EXERCISE OBJECTIVE - Leaving out the pictures, output each record exactly as it stands.

Crawled caption data:
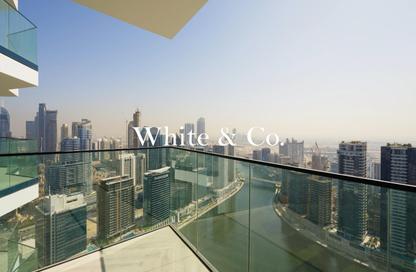Apartment - 1 Bedroom - 1 Bathroom for sale in Peninsula Three - Peninsula - Business Bay - Dubai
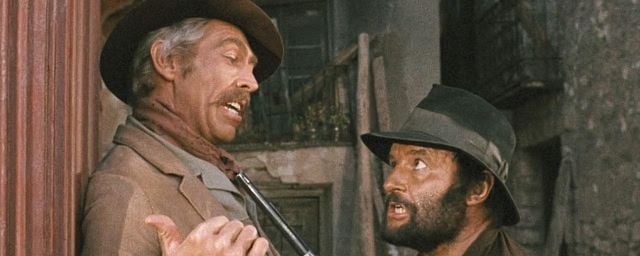 James Coburn et Rod Steiger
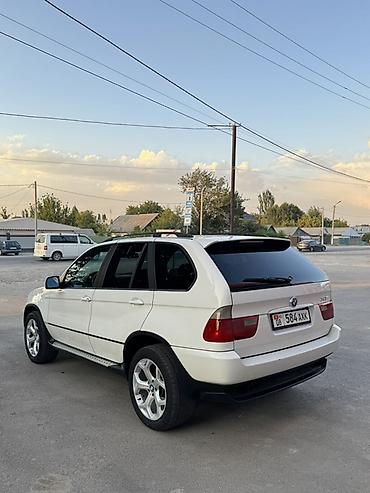 385 55: BMW X5: 2004 г., 3 л, Автомат, Бензин, Кроссовер — 7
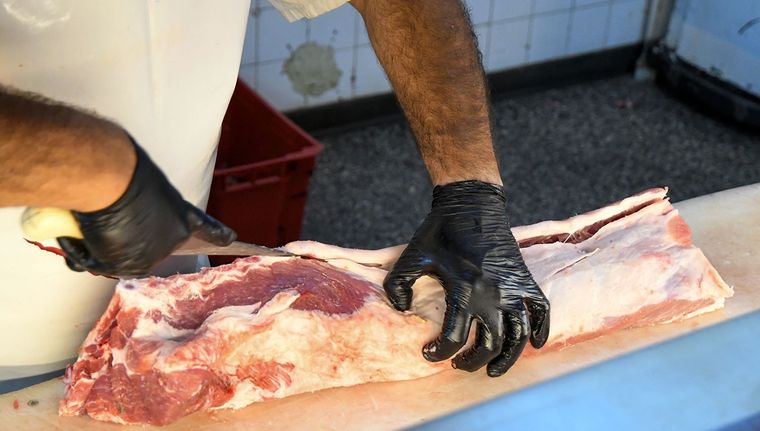 Las ventas de carne han caído en relación a otros meses en Mendoza Foto: Santiago Tagua/MDZ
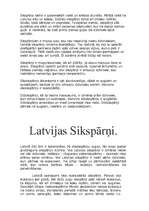 Research Papers 'Latvijas sikspārņi', 4.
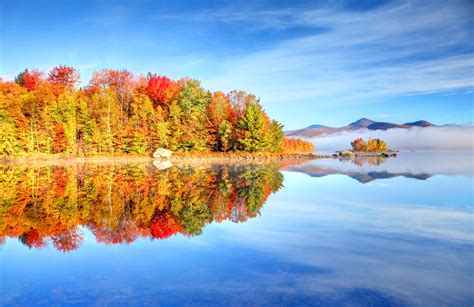 The Best Fall Foliage In The Us And Where To See It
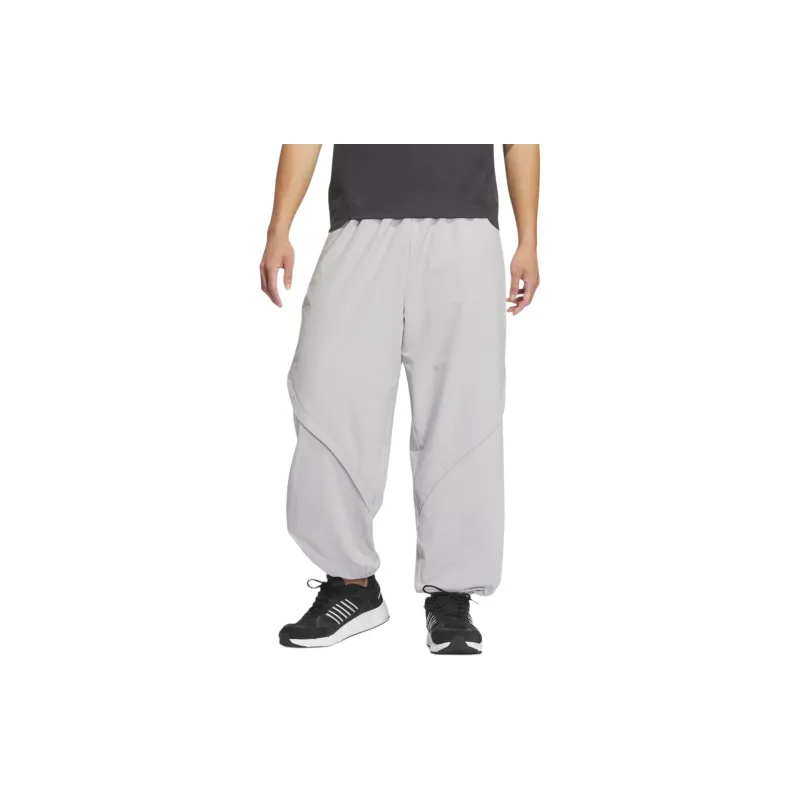 Adidas FUTURE STYLE WOVEN TROUSERS Casual Pants Men's Light Gray/Bright White-1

REPLY -
Apartment - 1 Bedroom - 1 Bathroom for sale in Peninsula Three - Peninsula - Business Bay - Dubai
 James Coburn et Rod Steiger
 385 55: BMW X5: 2004 г., 3 л, Автомат, Бензин, Кроссовер — 7
 Las ventas de carne han caído en relación a otros meses en Mendoza Foto: Santiago Tagua/MDZ
 Research Papers 'Latvijas sikspārņi', 4.
 The Best Fall Foliage In The Us And Where To See It
 Adidas FUTURE STYLE WOVEN TROUSERS Casual Pants Men's Light Gray/Bright White-1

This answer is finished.